Dix ans plus tard, cet enfant est devenu Mehmet (Elez Adzović), un jeune homme impulsif, si désireux d’apprendre les leçons de son père, respecté de tous, qu’il agit souvent sans réfléchir. En effet, c’est son impulsivité qui déclenche le dilemme central : lorsque Mehmet voit un garçon de son âge (Vuk Bulajić) fuyant une bande paramilitaire sanguinaire, il l’invite à entrer dans la cour des Doka.

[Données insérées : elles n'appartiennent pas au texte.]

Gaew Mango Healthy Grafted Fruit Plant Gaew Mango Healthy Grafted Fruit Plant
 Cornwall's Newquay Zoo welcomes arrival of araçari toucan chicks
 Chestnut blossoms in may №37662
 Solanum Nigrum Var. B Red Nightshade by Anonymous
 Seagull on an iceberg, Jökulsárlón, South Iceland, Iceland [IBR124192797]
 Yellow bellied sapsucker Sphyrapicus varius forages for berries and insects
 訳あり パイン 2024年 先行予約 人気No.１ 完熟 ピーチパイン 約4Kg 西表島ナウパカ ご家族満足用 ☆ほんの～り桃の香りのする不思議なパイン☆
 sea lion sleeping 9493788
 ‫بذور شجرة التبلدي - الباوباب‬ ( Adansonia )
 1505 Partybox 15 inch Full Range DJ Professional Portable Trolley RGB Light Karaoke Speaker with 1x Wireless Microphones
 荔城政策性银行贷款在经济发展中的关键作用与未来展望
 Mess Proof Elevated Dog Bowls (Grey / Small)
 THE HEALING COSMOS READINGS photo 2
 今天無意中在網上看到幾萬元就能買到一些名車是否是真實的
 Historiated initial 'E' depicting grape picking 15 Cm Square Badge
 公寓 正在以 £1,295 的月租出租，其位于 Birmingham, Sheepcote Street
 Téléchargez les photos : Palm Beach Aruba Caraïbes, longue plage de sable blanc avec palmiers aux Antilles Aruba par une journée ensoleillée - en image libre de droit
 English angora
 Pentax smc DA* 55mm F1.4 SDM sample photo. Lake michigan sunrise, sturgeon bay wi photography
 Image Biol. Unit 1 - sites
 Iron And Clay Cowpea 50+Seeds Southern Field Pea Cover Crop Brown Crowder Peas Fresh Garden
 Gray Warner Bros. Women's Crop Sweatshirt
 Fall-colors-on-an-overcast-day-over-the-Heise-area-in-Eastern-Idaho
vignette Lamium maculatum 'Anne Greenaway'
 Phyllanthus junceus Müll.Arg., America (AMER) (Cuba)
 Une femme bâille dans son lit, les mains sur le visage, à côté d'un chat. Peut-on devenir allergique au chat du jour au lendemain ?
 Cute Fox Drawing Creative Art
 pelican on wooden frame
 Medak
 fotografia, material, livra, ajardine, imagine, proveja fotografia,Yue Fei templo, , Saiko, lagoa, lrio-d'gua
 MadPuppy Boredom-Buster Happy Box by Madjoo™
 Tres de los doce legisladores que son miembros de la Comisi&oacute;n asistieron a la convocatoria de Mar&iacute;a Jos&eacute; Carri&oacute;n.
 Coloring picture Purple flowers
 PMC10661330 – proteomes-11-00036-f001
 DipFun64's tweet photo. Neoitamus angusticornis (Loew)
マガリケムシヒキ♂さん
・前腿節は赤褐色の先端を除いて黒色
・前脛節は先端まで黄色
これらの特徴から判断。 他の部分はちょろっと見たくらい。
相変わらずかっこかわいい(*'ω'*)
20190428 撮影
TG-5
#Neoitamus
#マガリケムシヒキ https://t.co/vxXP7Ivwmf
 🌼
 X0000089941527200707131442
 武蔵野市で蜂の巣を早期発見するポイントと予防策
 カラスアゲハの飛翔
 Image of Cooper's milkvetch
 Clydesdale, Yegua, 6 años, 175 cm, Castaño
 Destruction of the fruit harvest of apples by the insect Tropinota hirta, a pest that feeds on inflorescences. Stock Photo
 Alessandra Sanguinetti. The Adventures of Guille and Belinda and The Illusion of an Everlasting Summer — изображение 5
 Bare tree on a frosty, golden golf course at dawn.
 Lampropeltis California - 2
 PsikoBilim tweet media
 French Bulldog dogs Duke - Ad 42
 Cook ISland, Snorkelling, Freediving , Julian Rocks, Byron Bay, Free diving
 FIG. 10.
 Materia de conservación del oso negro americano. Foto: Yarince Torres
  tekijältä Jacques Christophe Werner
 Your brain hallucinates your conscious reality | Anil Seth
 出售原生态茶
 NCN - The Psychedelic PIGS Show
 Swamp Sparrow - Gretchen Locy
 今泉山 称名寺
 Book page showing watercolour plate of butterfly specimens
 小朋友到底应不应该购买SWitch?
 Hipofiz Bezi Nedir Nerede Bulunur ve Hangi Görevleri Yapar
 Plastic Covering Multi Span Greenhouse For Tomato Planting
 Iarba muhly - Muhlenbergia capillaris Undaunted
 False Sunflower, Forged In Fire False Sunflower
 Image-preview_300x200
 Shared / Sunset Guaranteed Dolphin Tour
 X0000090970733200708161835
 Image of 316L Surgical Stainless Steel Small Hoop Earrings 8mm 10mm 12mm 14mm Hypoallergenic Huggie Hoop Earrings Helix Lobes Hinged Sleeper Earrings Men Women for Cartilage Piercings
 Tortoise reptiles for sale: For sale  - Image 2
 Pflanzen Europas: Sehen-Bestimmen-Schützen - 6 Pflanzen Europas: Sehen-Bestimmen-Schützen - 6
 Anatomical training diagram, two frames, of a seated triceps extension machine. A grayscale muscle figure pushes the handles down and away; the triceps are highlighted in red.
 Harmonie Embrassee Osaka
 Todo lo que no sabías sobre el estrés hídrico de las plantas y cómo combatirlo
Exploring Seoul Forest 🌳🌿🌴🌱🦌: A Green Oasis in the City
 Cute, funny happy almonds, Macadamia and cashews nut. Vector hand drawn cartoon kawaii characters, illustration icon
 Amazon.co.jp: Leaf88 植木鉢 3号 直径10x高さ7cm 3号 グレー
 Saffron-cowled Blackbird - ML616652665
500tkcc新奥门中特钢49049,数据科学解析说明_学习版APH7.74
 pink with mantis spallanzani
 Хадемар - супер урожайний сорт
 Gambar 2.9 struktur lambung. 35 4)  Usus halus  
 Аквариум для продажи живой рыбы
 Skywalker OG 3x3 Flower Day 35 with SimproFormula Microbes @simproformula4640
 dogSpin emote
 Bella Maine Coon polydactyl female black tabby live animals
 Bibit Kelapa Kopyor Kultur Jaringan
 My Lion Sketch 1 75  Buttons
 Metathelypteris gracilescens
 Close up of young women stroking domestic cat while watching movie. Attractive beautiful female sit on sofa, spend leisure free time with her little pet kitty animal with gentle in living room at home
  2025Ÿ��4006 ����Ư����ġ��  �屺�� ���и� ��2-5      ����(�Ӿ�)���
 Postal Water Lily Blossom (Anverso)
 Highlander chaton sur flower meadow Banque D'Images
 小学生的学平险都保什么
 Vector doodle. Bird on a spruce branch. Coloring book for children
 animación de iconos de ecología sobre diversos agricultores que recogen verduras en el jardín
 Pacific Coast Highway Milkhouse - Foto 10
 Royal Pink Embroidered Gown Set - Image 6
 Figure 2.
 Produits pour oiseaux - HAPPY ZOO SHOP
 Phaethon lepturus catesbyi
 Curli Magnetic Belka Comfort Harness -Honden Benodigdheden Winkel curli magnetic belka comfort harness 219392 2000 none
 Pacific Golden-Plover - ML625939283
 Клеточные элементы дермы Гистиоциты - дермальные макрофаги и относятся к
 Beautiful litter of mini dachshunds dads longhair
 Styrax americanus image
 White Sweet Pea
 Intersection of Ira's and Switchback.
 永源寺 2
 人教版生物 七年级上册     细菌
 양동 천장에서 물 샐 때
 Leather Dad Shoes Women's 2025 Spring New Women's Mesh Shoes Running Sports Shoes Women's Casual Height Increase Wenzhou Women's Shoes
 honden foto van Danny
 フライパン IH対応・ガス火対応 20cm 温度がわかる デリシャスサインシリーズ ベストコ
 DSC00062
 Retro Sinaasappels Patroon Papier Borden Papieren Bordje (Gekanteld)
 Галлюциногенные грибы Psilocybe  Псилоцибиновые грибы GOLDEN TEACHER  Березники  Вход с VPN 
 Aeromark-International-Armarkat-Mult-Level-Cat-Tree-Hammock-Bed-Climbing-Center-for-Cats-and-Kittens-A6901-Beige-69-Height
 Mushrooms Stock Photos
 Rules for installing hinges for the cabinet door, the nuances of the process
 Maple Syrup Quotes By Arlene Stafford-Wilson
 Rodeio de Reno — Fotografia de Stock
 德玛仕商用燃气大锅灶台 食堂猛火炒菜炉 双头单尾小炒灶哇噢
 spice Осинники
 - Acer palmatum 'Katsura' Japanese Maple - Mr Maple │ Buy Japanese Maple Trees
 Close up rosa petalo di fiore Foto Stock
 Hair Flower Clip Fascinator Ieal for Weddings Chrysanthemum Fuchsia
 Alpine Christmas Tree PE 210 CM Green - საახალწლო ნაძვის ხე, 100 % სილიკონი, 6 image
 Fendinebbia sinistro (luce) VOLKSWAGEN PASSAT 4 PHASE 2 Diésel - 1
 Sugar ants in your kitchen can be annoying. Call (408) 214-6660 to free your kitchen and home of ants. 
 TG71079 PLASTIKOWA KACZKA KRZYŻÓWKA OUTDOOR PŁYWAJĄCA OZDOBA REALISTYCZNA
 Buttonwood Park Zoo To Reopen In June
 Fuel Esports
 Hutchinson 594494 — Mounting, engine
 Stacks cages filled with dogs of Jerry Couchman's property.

Le garçon en question est un chrétien dont les parents ont été brutalement assassinés par des soldats, membres de l’infâme unité Skanderbeg de la Waffen SS. Ces hommes albanais désordonnés entourent la maison Doka, exigeant également la vie de l’enfant. Cependant, l’honneur et l’empathie de Nuredin l’empêchent de livrer le jeune garçon terrorisé à la bande, étant donné qu’il est lié par d’anciennes traditions d’hospitalité, même s’il comprend que cette décision pourrait mettre sa famille en danger. Son père âgé (Selman Jusufi) le soutient, notant : « Allah a envoyé cet enfant pour nous mettre à l’épreuve. En temps de guerre, il est facile de devenir moins qu’un homme honorable. »
Voyant qu’il n’y a pas moyen d’apaiser les soldats, qui sont encouragés par le vile violeur Abid (Aleksandar Radulović) malgré les tentatives de Mark Gjonaj (Alban Ukaj) de désamorcer la situation, Nuredin joue pour gagner du temps, exigeant de voir leur commandant (Branimir Popović). Après que le commandant a confirmé les pires craintes de Nuredin, il appelle un juge local (Nikola Ristanovski) pour obtenir des conseils, mais le raisonnement prudent de l’homme sage sur les options le laisse avec peu d’espoir.
Le scénario tendu et soigneusement élaboré par Ana Vujadinović et Melina Pota Koljević, avec l’apport du réalisateur Vukčević, aboutit à une fin qui résume habilement tous les éléments précédents. Destin, vertu, sacrifice et connaissance de soi se rejoignent, accompagnés d’une rime visuelle, pour préserver le nom honorable des Doka.
Etant donné que cette histoire d’honneur se déroule dans une société patriarcale où les personnages féminins sont largement relégués au second plan, les scénaristes (qui sont toutes deux des femmes) donnent à l’épouse de Nuredin (Xhejlane Terbunja) quelques répliques percutantes. Elle souligne combien il est difficile d’être sa partenaire, surtout lorsque l’instinct d’une femme est de préserver ses enfants à tout prix.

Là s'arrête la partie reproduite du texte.